Quantification of the GST-FAPP PH domain on the Golgi complex was performed as described (Godi et al., 2004): cells were incubated with 1 U/ml SLO in SLO buffer (20 mM Hepes, pH 7.2, 110 mM Mg(OAc)₂, and 1 mM DTT) for 10 min at 4°C. Cells were then washed twice and incubated in permeabilization buffer (25 mM Hepes, pH 6.95, 125 mM KOAc, 2.5 mM Mg(OAc)₂, 10 mM glucose, 1 mM DTT, 1 mM ATP, 5 mM creatine phosphate, 7.3 U/ml creatine phosphokinase, and 1 mg/ml rat liver cytosol) for 5 min at 37°C and then in permeabilization buffer containing 1 µM of GST or GST–FAPP-PH for an additional 5 min. Cells were then fixed with 4% PFA and processed for immunofluorescence microscopy, as described above. Quantification was performed as described above for the PI4P antibody, with the exception that the Golgi marker used was Giantin instead of Golgin-97.

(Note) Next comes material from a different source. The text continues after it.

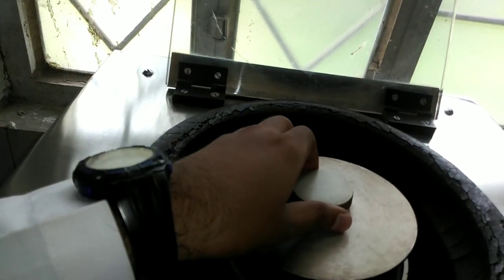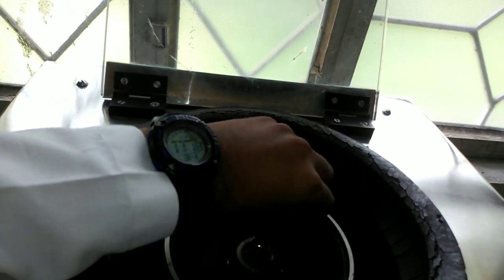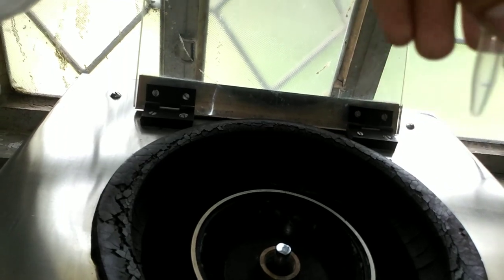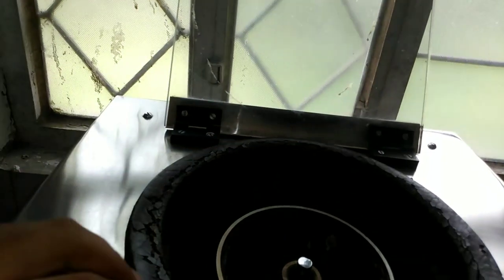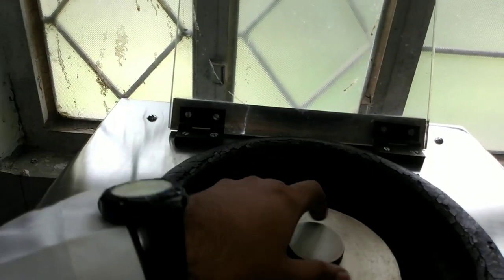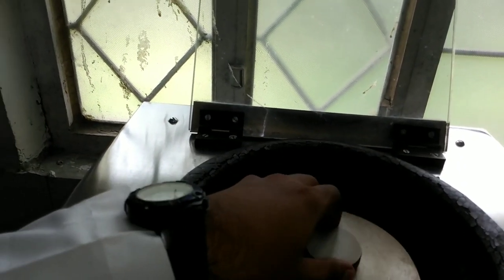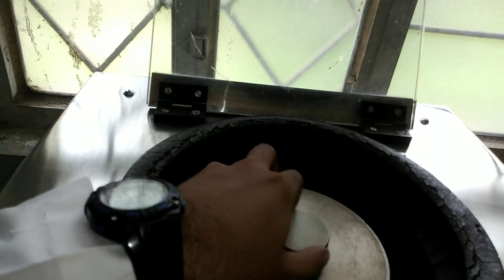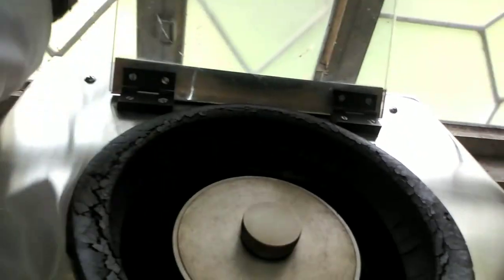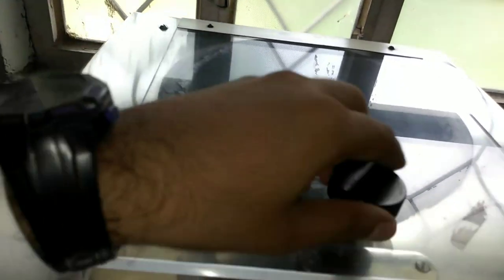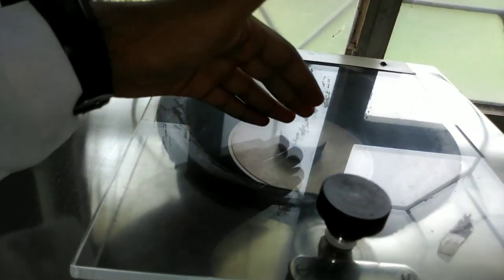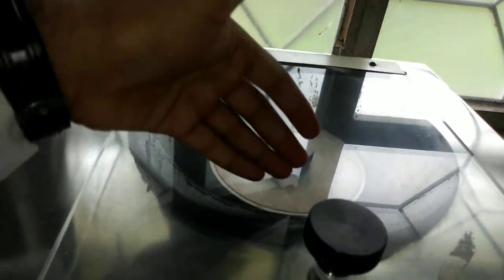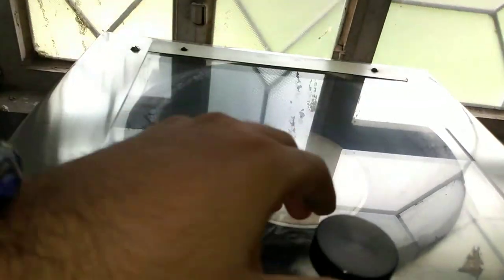After putting the Eppendorf tubes inside — as you can see, this one is filled with liquid sample — make it tight so it doesn't come open while rotating. Then there is a safety glass cover so that if a tube is loose, it will not fly up and hurt you.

Golgi fractions, identified as fractions enriched for Golgi markers and devoid of PM markers, were isolated as described (Balch et al., 1984). Golgi fractions (60 µg) were washed with 0.2 M KCl in 20 mM Hepes, pH 7.4, and 10 mM MgCl₂ and centrifuged at 14,000 rpm for 20 min. Pellets were resuspended in 20 mM Hepes and incubated for 30 min at 32°C in reaction buffer (20 mM Hepes, pH 7.4, 10 mM MgCl₂, 40 µM ATP, and 200 µM sodium orthovanadate) with 2 µCi [γ-³²P]-ATP, in the presence or absence of 30 ng of recombinant PIP5K1C in a final reaction volume of 100 µl. The reaction was stopped by adding 20 µl 8 M HCl, and lipids were extracted with chloroform:methanol (1:1). The organic phase was dried and spotted on silica-gel TLC plates (Millipore), resolved with a mixture of chloroform:methanol:ammonium hydroxide:water (60:47:2:11 vol/vol/vol/vol), and analyzed by TLC. A sample where PIP5K1C was incubated with 3 μM porcine brain PI4P in reaction buffer with 2 µCi [γ-³²P]-ATP was taken as a reference for PI4,5P₂. The radioactive products were detected with a Typhoon TLA 9500.